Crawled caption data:
%%
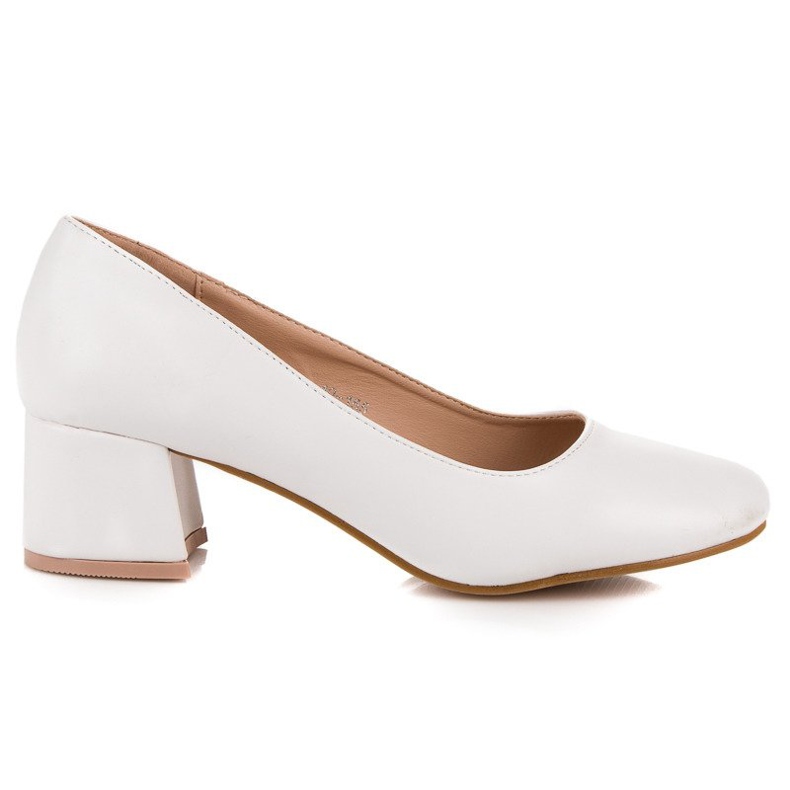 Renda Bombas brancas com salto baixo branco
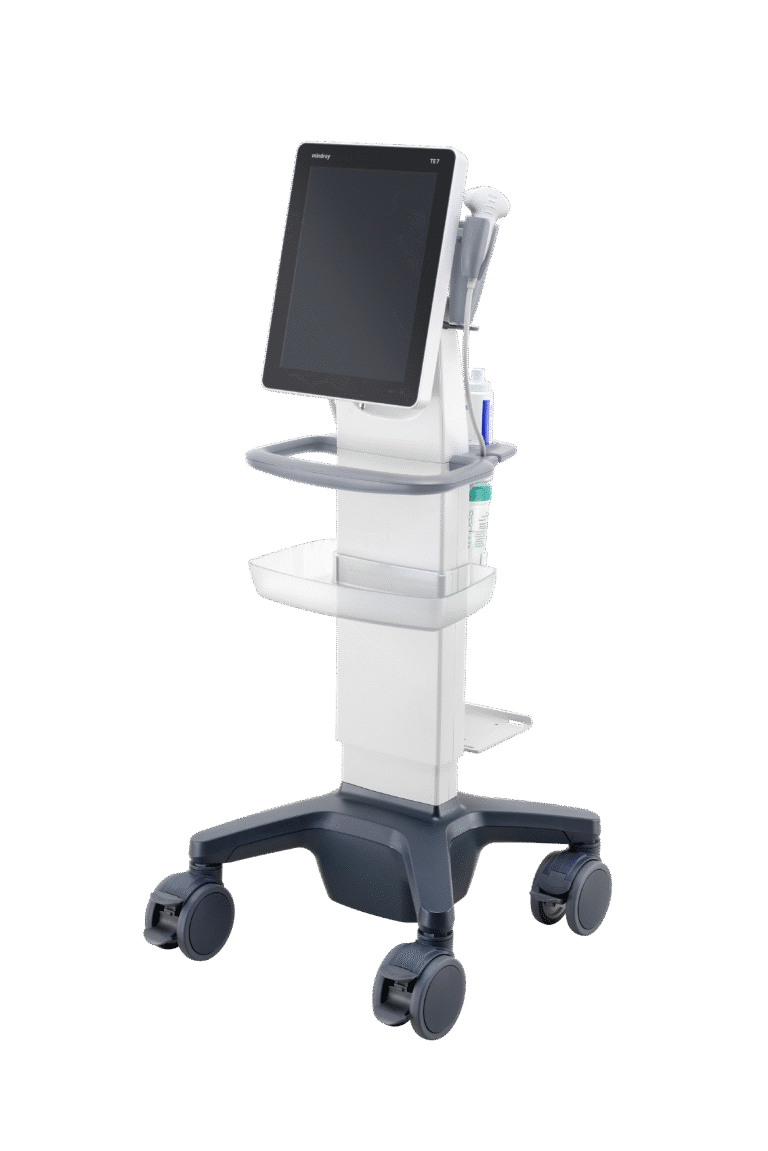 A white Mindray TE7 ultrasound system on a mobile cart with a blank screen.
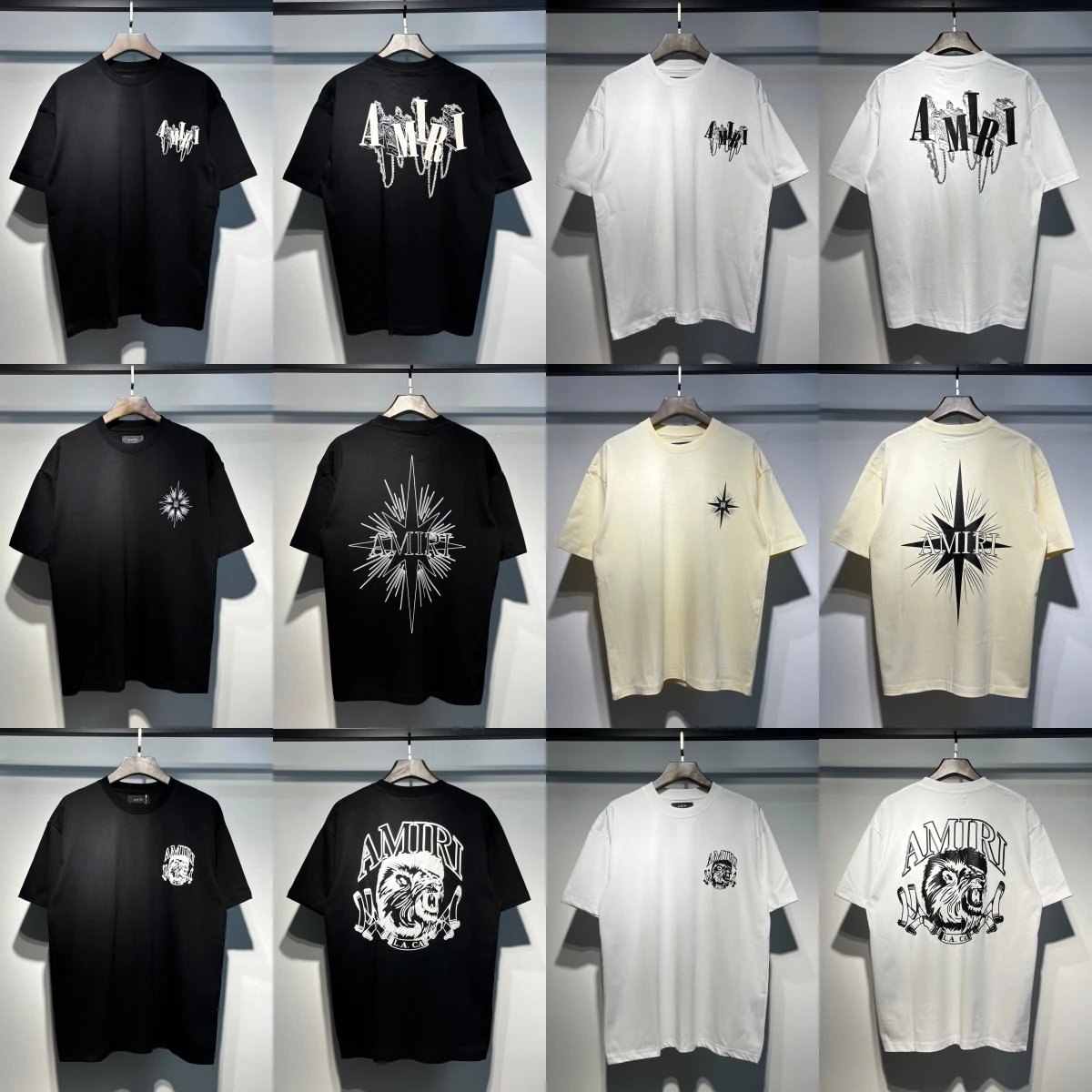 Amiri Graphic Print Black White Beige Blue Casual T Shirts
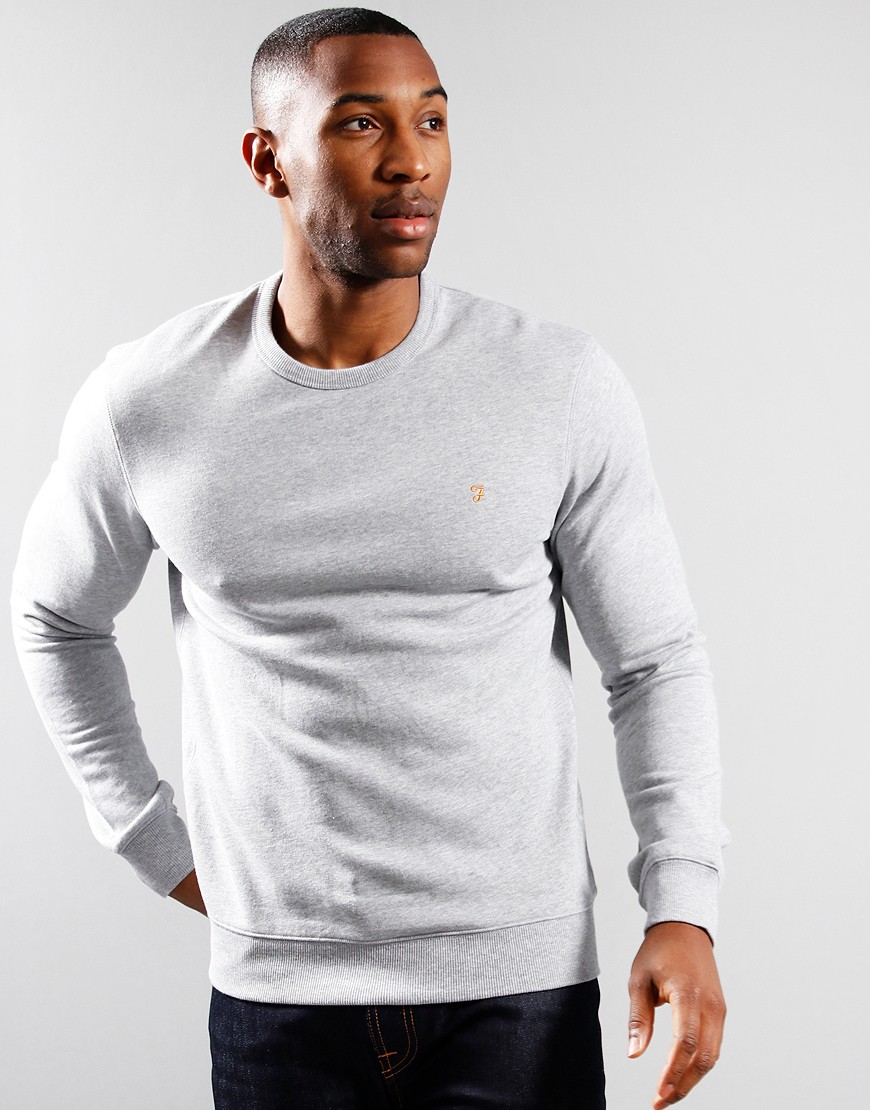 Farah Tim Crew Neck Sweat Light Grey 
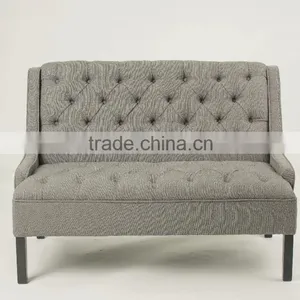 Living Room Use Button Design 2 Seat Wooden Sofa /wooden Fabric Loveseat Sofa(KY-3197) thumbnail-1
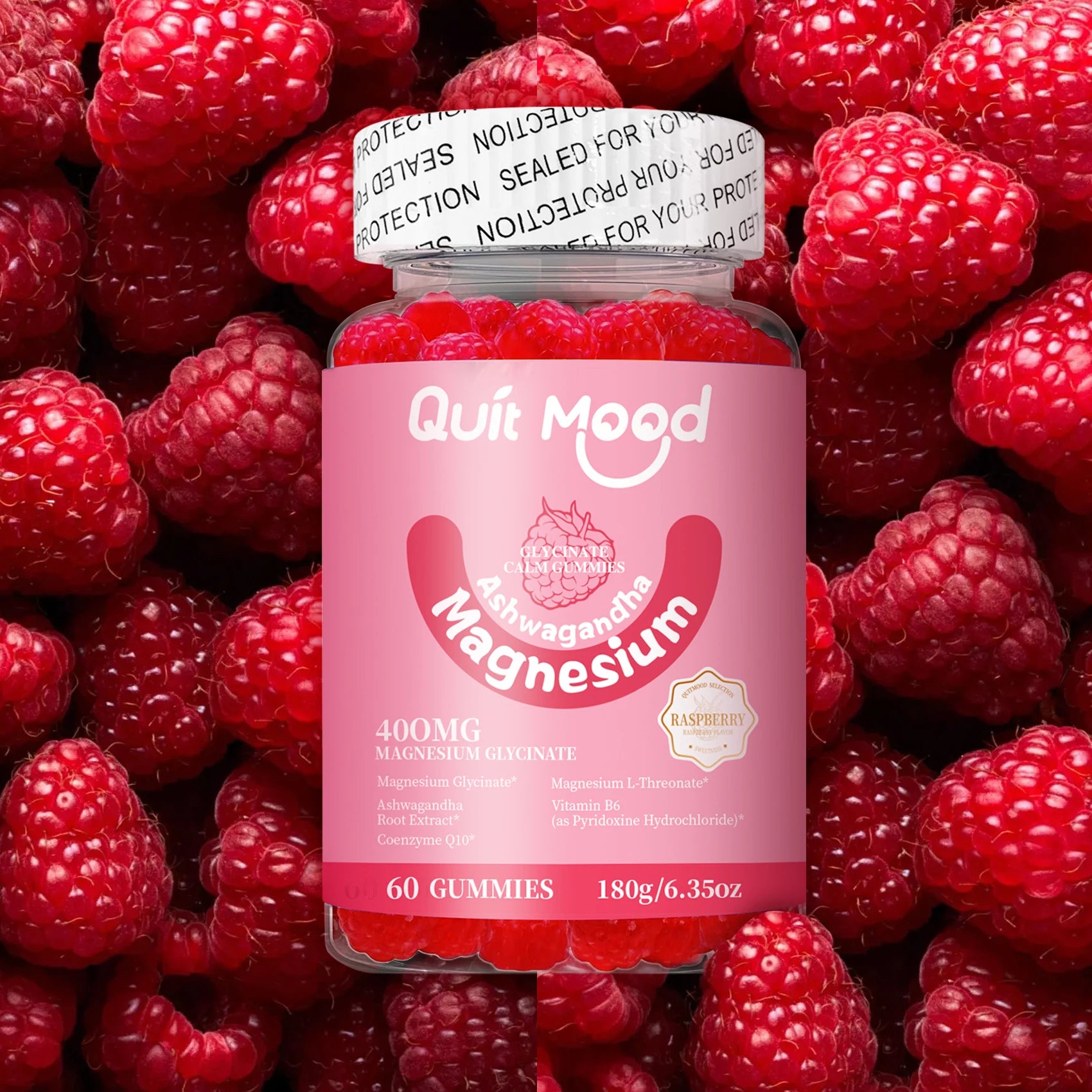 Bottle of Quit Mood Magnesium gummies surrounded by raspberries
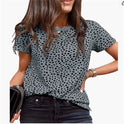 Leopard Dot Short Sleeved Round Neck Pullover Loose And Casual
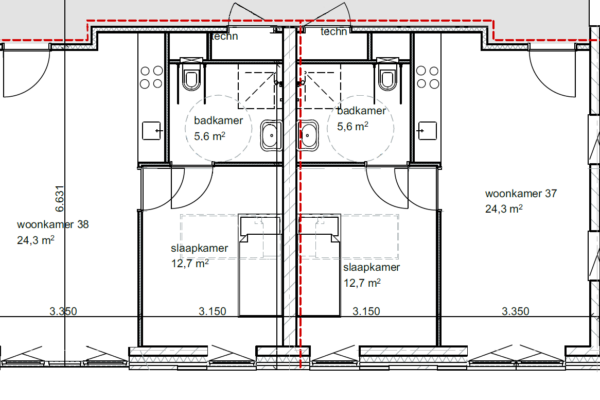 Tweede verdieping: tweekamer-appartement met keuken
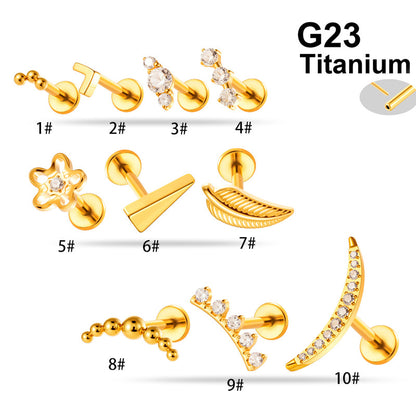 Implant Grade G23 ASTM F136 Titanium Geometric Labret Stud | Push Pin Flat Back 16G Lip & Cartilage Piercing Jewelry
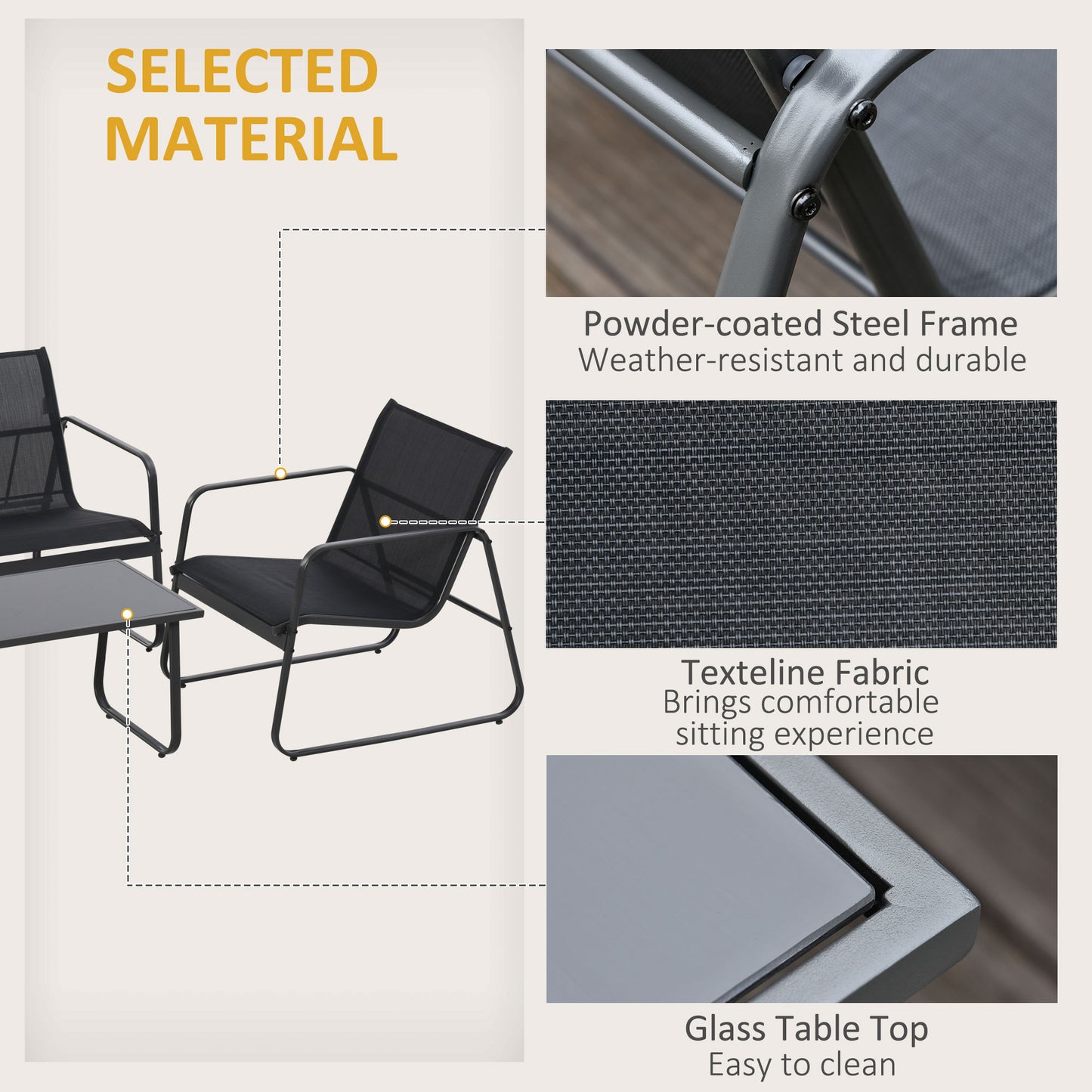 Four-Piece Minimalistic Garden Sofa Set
%%
What the task asks →
Print exactly the lines above that run from the one with "Farah Tim Crew Neck Sweat Light Grey" down to the one with "Tweede verdieping: tweekamer-appartement", and omit the pictures.

Answer to this task →
 Farah Tim Crew Neck Sweat Light Grey 
 Living Room Use Button Design 2 Seat Wooden Sofa /wooden Fabric Loveseat Sofa(KY-3197) thumbnail-1
 Bottle of Quit Mood Magnesium gummies surrounded by raspberries
 Leopard Dot Short Sleeved Round Neck Pullover Loose And Casual
 Tweede verdieping: tweekamer-appartement met keuken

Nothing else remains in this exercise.